Improve Time and Operational Efficiency on Investigating the Entity with High or Moderate Fraud Risk
- 360-degree view about your customers with graph analysis in just one-click
The common approach of investigating customers requires extra times and effort to slowly dig into customer’s transaction behaviours in order to identify the fraud but most of the time the fraud has already occurred before the organisation detected it. Therefore, a robust fraud detection platform that can produce a graph analysis in just one-click can help organisations to save times and also improve operational efficiency to navigate to customer’s behaviour and trace the unknown links and patterns quickly.
- Automated fraud detection process
Comprehensive AI-based fraud detection models allow you to enhance fraud detection accuracy and detect more type of new frauds to prevent fraudulent loss and damage in nearly real-time. Meanwhile, you can optimise your resources and cost for more important tasks or innovation to improve your business growth.
Leave No Stone Unturned
Fraud is like a dangerous “bad worm” to all the organisations especially the organisations that largely involve in transactions.
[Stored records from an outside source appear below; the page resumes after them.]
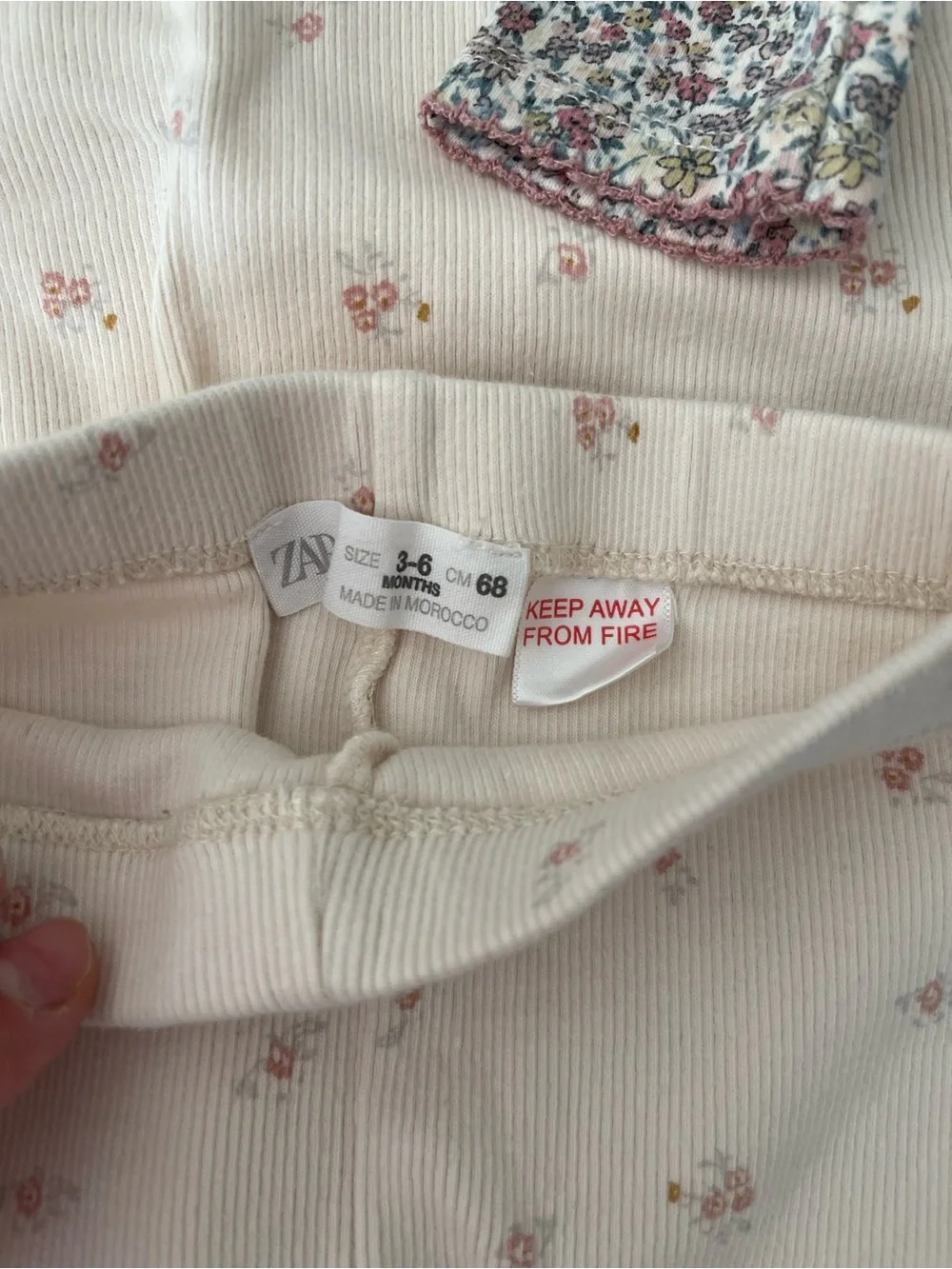 Zara Baby Girl Bundle 1-6 moths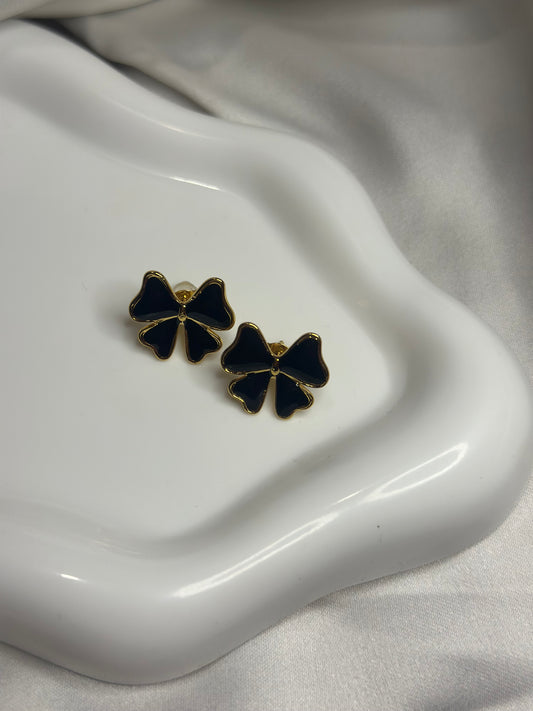 Bow Earrings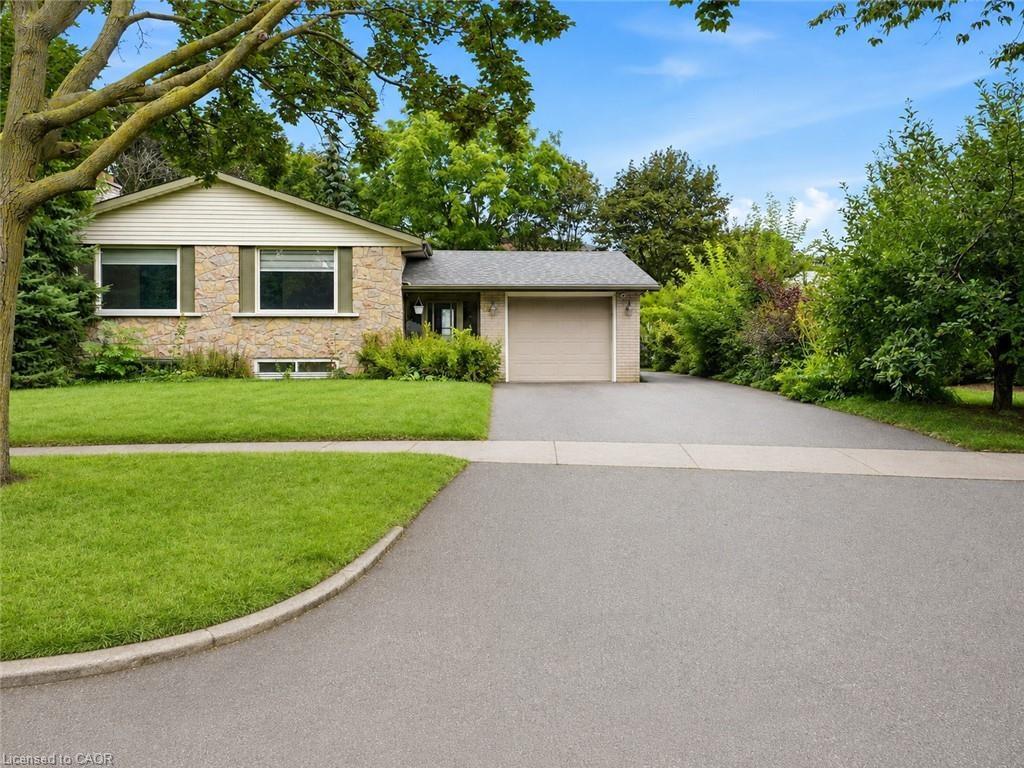 58 Tupper Crescent, Kitchener, ON, N2B 2X9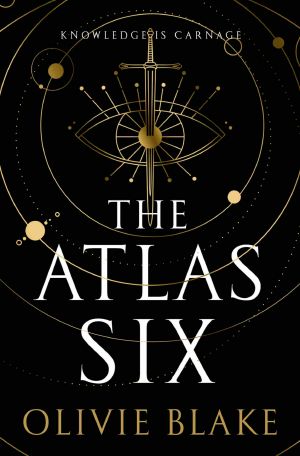 The Atlas Six ----- ENGLISCH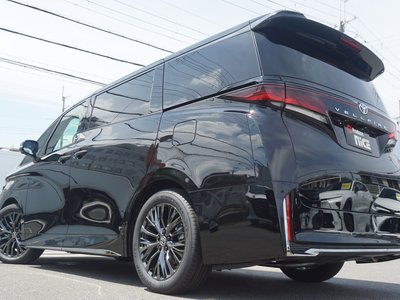 2026 Toyota VELLFIRE — миниатюра 79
If we couldn’t catch it before the time it turns into a “bad worm”, it will keep consuming and damaging our organisation until we found out and get rid of it. No one will want this frustrating situation to happen so a strong fraud detection is extremely important to protect the organisations reputations and revenue. A traditional fraud detection may not be enough since there are too many gaps that allow the frauds to occur because fraudsters have learned to change their tactics. Therefore, we should “leave no stone unturned” with a more comprehensive fraud detection platform since the damages and the losses on the organisations will be far more “costly” than your innovation investment cost.